Exactly the lines below, starting with the one containing "8-Day Tibet Tour from Lhasa to Everest" and going on through the one containing "2008 Hyundai Accent", must be reproduced, both ends included, and no pictures with them.

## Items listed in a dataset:
--

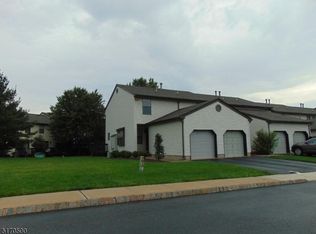 801 Poplar Ct #801, Flemington, NJ 08822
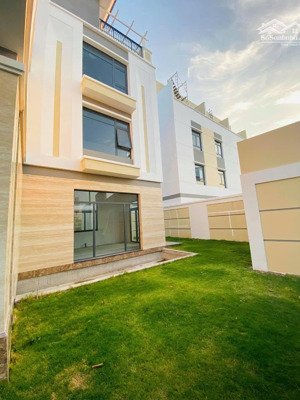 bán gấp căn biệt thự verosa khang điền giá tốt nhất thị trường. 230m2 31,5 tỷ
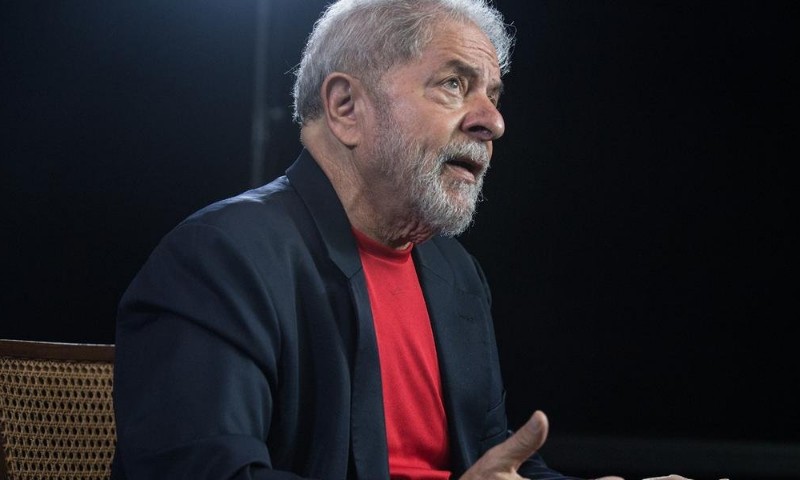 “Lula está apaixonado e vai se casar”, diz Bresser-Pereira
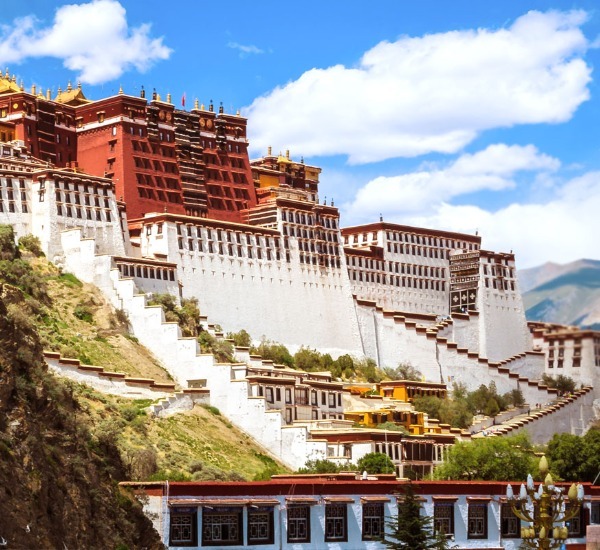 8-Day Tibet Tour from Lhasa to Everest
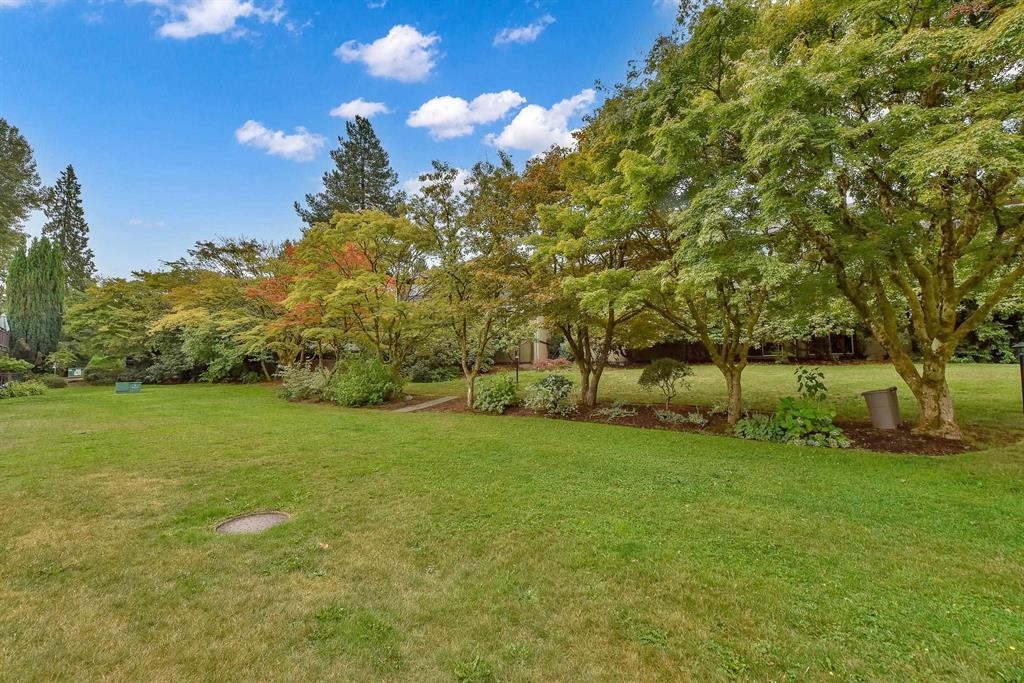 Listing image of 302 555 W 28TH STREET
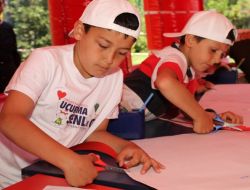 Organ Nakil Hastası Çocukların Uçurtma Keyfi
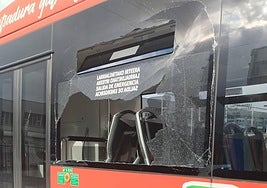 Así quedó una de las ventanillas tras la segunda agresión producida este pasado martes.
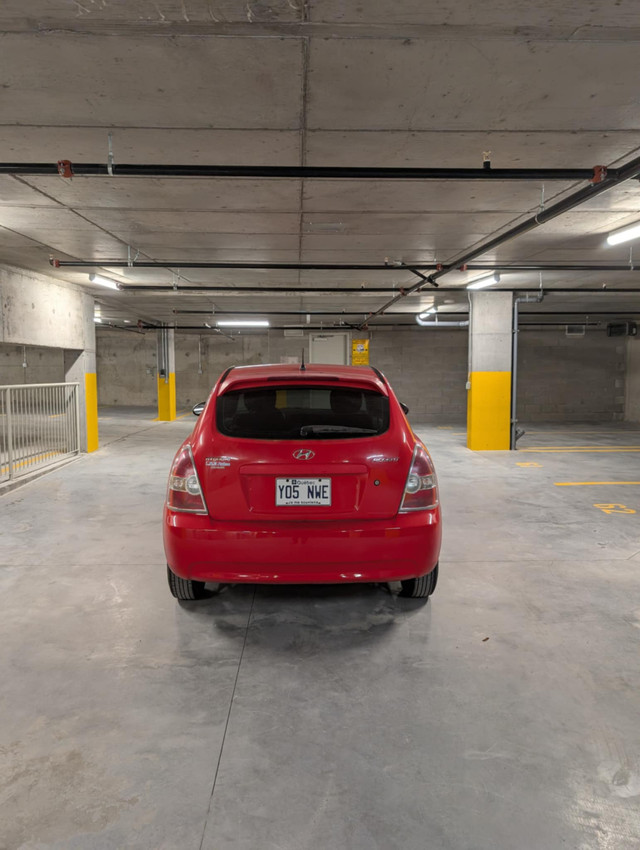 2008 Hyundai Accent - Very clean car dans Autos et camions  à Ville de Montréal - Image 4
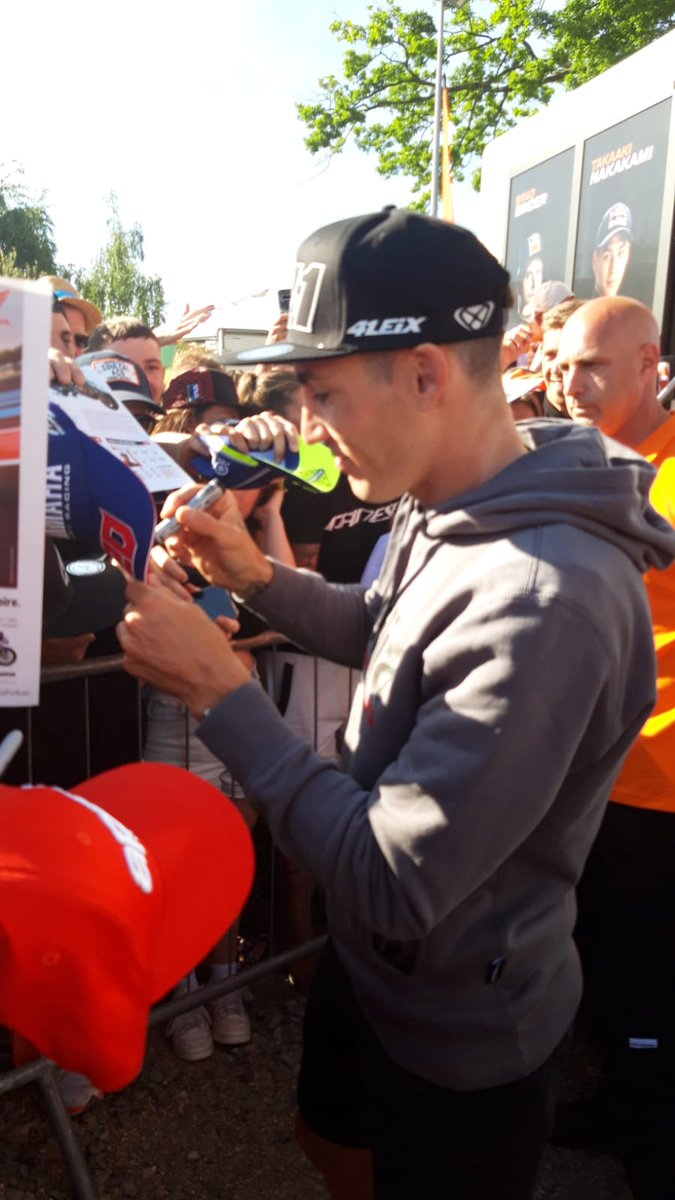 fratton01's tweet photo. @AleixEspargaro hier au #RideUpStore de la Fan Zone du #FrenchGP #MotoGP 🇫🇷 https://t.co/7Qr4rSAv91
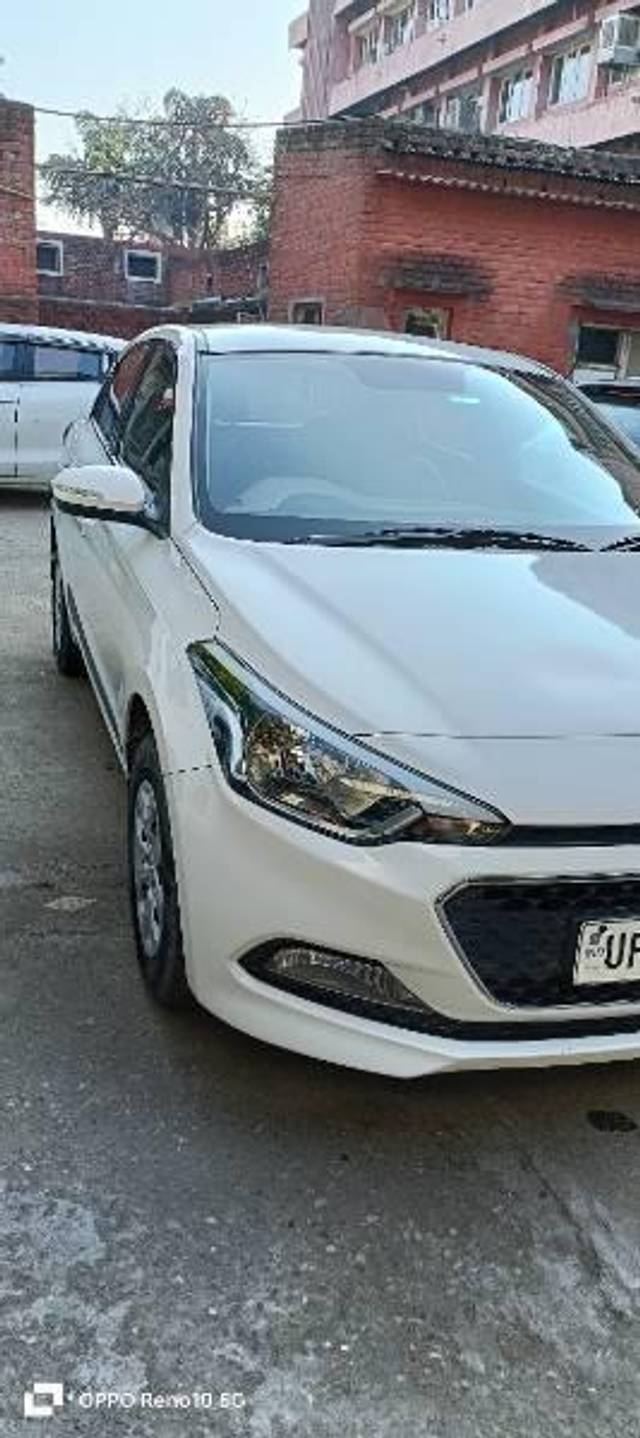 https://images10.gaadi.com/usedcar_image/4274963/original/processed_baefea29-c651-4205-9e48-53ffe5de74af.jpg?imwidth=6400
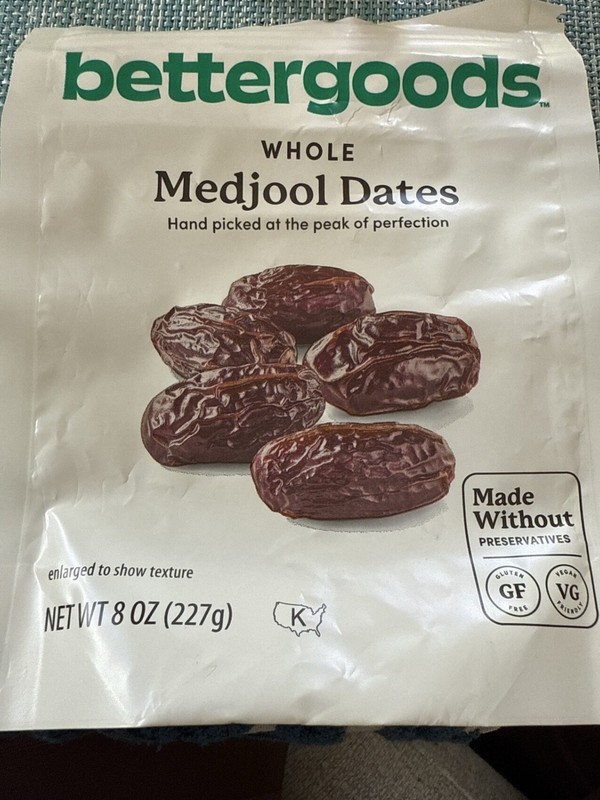 bettergoods Whole Medjool Dates Dried Fruit gallery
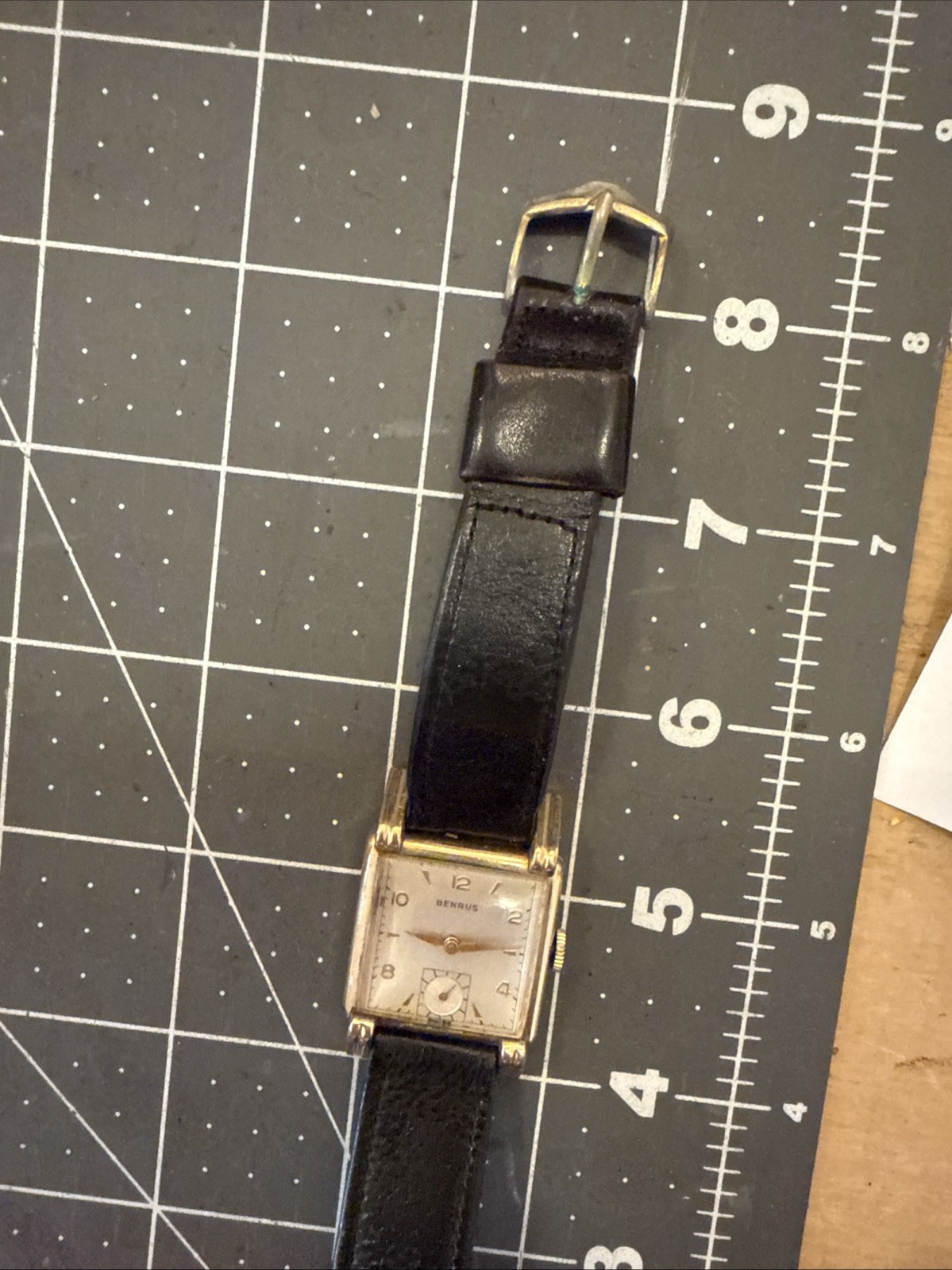 1950s Benrus Men’s Square tank watch domed glass 10K RGP runs Fancy Lugs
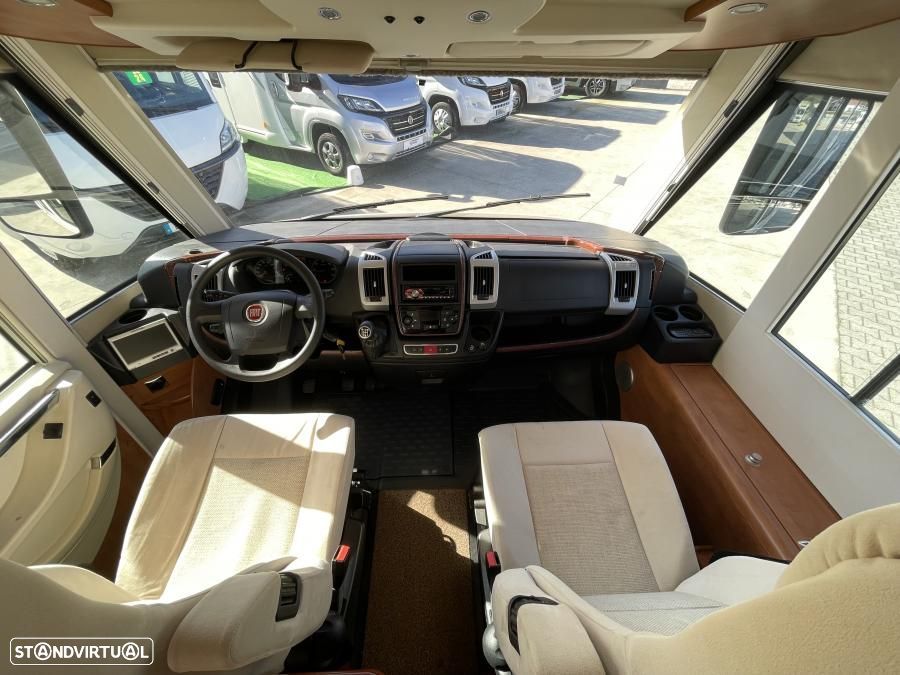 Carthago C-Tourer Camas gémeas e basculante - 15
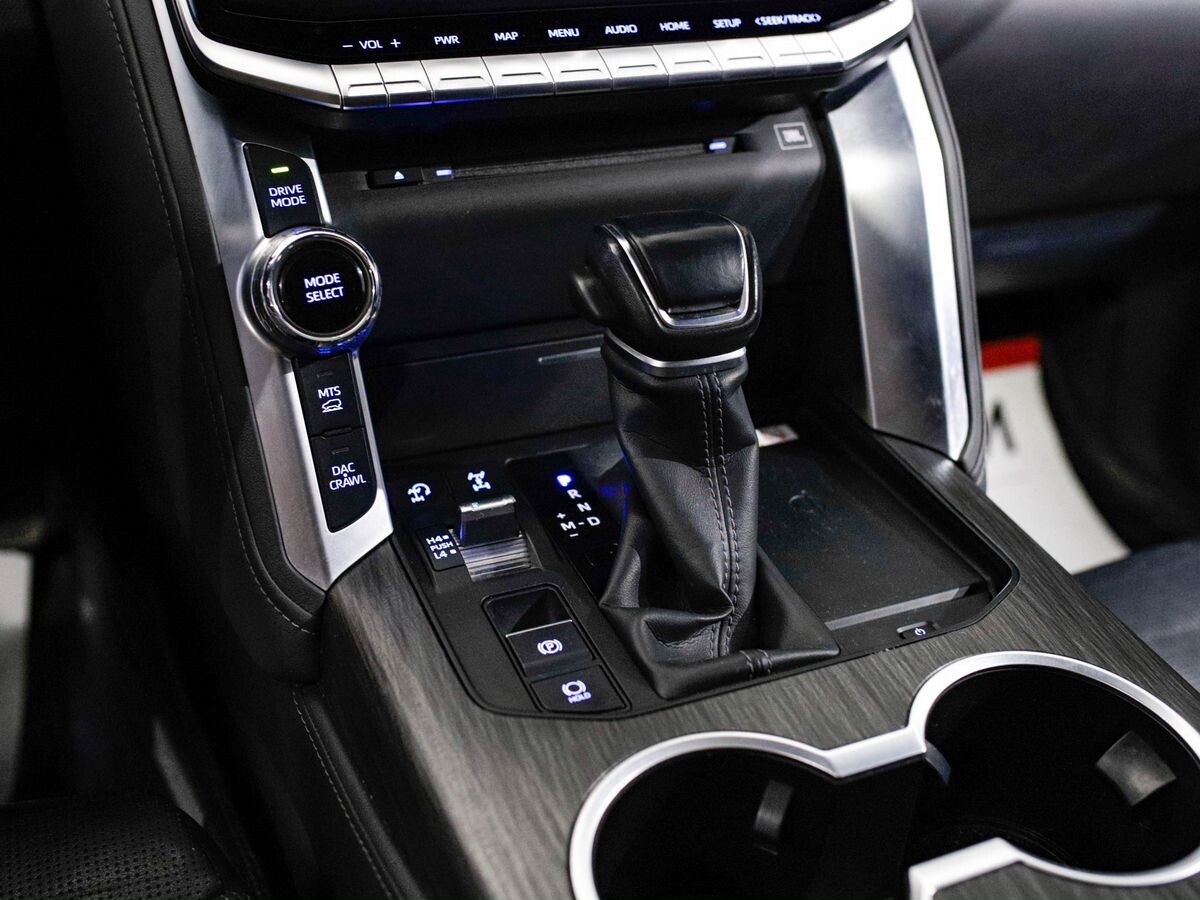 Toyota Land Cruiser 2021 - фото автомобиля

--

## Response to the exercise:
 8-Day Tibet Tour from Lhasa to Everest
 Listing image of 302 555 W 28TH STREET
 Organ Nakil Hastası Çocukların Uçurtma Keyfi
 Así quedó una de las ventanillas tras la segunda agresión producida este pasado martes.
 2008 Hyundai Accent - Very clean car dans Autos et camions  à Ville de Montréal - Image 4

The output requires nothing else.